If you are interested in family history and personal connections to mill workers, please follow this link Workers in the Gade Valley paper mills. Coming soon.
The valley of the River Gade from Hemel Hempstead down to Rickmansworth in Hertfordshire became one of the major paper manufacturing areas of England from 1770 onwards. In Hemel Hempstead four mills, all recorded in the Domesday Book, were converted from their earlier uses to the manufacture of paper between 1755 and 1778. These mills were amongst the very first in the world to be mechanised.
In 1803 Frogmore Mill became the world’s first mechanised paper mill closely followed by Two Waters Mill (1805), Apsley Mill (1807) and Nash Mill (1811). The John Dickinson Stationery Company operated two of these mills and spurred on by their great success, built two more – Home Farm (1825) and Croxley (1830) – as well as leasing Batchworth Mill.
The whole process of industrialisation was greatly aided by the opening of the Grand Junction Canal in the valley in 1798 and later on by the London – Birmingham Railway in 1837.
With paper in quantity being made in the area, naturally printing followed closely behind. John Peacock started printing in Watford in 1832 and the town rapidly expanded as a source of printed materials.
But the town’s reputation as a major international printing centre really began in the early twentieth century when a number of local firms started experimenting with colour printing.

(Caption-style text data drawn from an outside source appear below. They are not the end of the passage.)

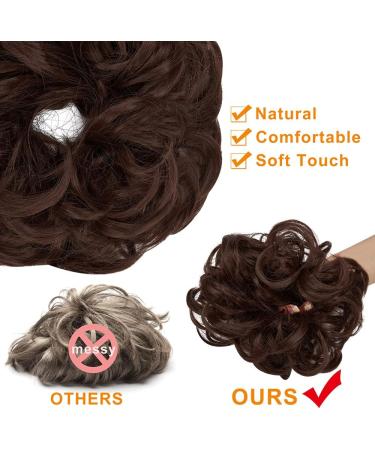 OMGREAT 2PCS Dark Auburn Updo Messy Hair Buns Curly Wavy Ponytail Extensions - Buy Online on GoSupps.com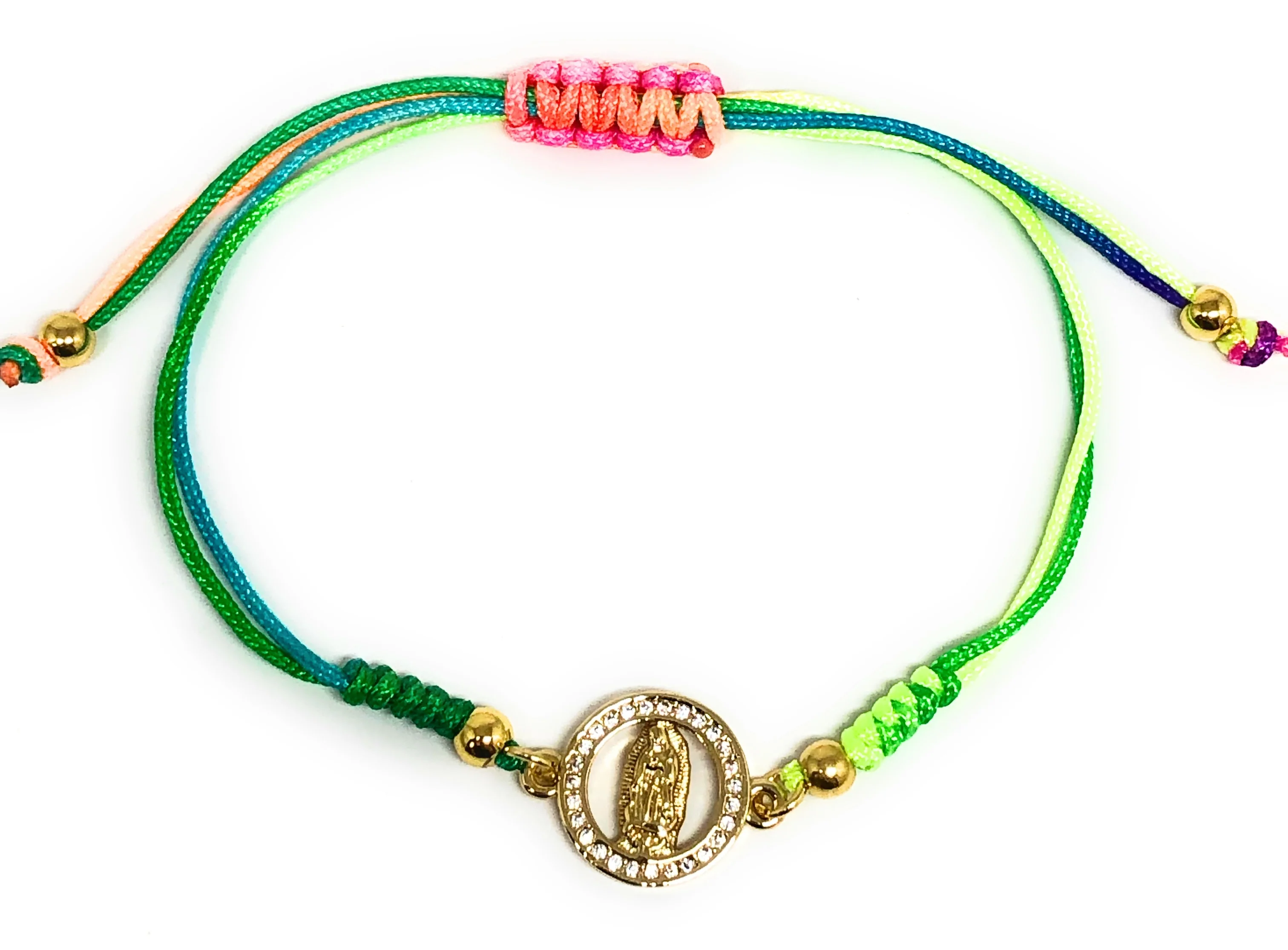 Gold Plated Colorful Virgin Mary Bracelet Virgen De Guadalupe Pulsera 8" Adjustable - Image 2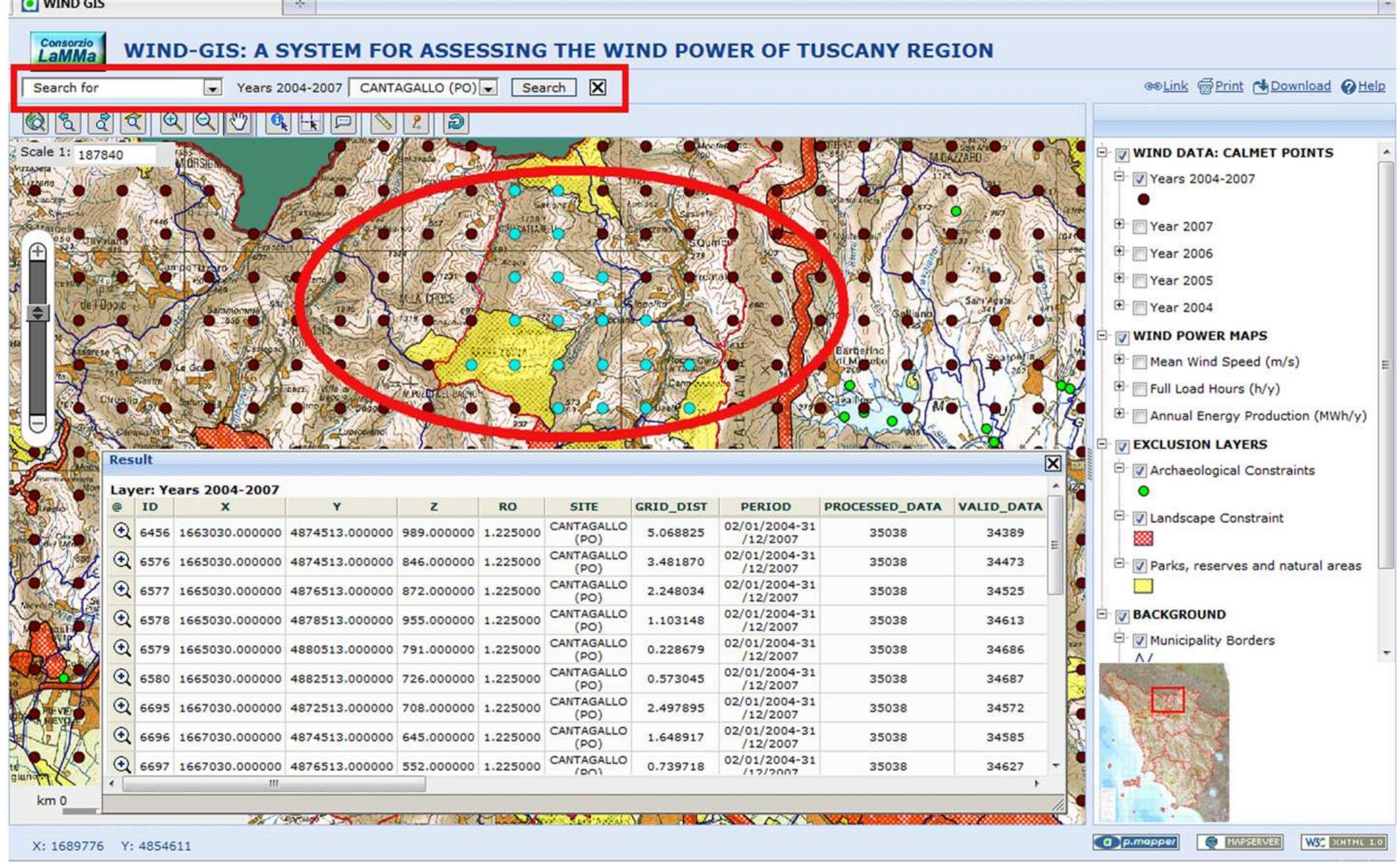 Sample layout of calmet data spatial query: search of points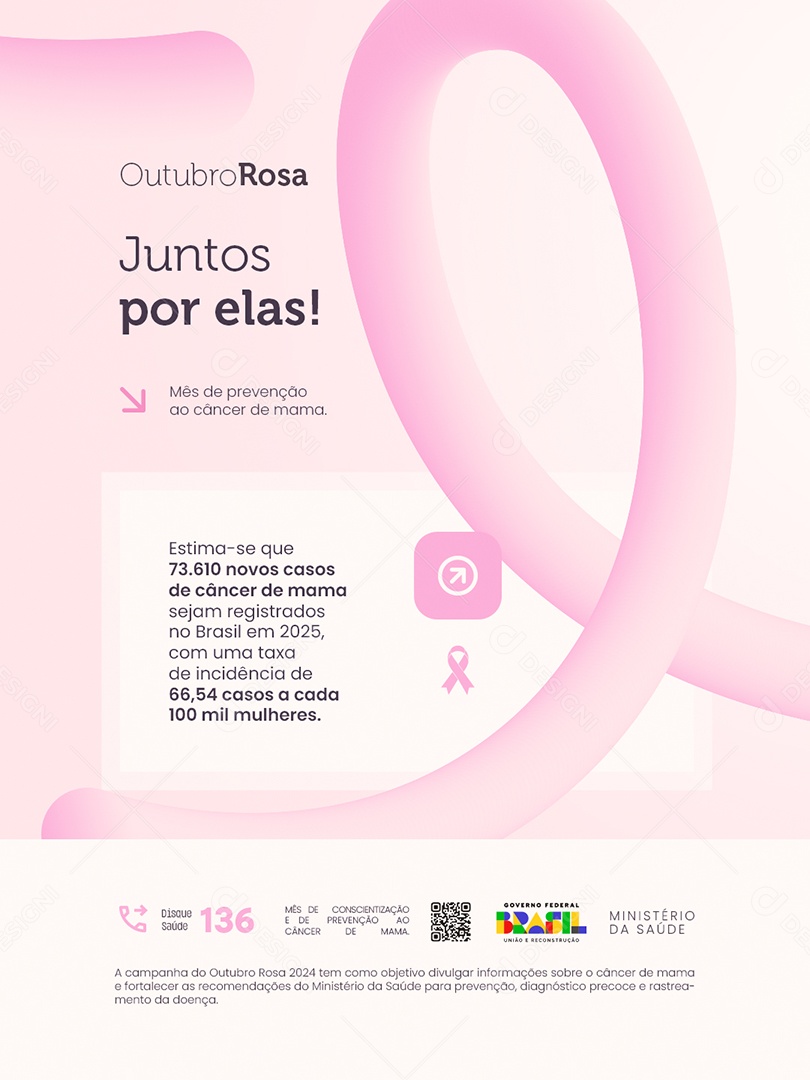 Outubro Rosa Juntos por Elas Social Media PSD Editável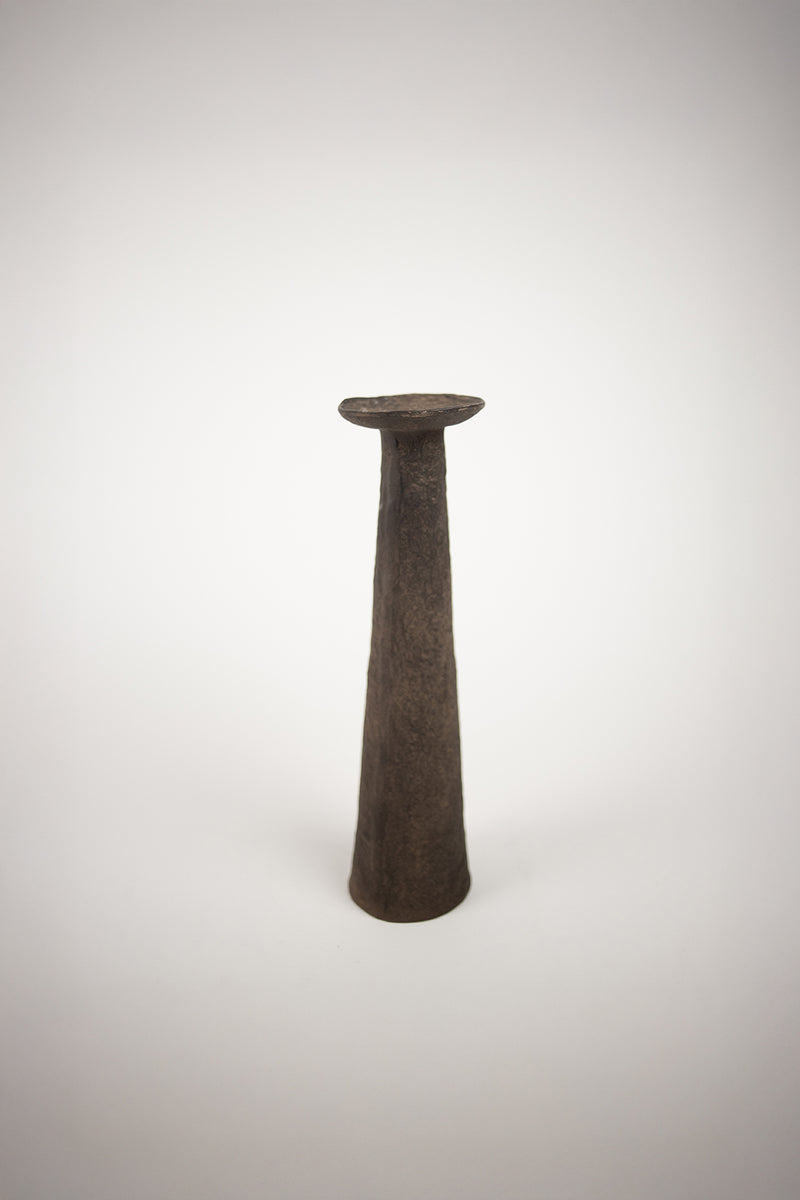 Indi dark rustic pillar candle holder by Olsson & Jensen, 36 cm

The Sun Engraving Co Ltd was established in 1918 and its rival, Odhams Ltd, established itself in Watford in 1936. The Sun and Odhams were two of the largest printing houses in Britain, producing millions of colour magazines each week using a pioneering technique of four-colour rotary gravure printing, for which Watford became world famous.
By the 1930s, one-in-thirteen of Watford’s population was involved in the industry, thus placing the town at the heart of the greatest concentration of printing in the world.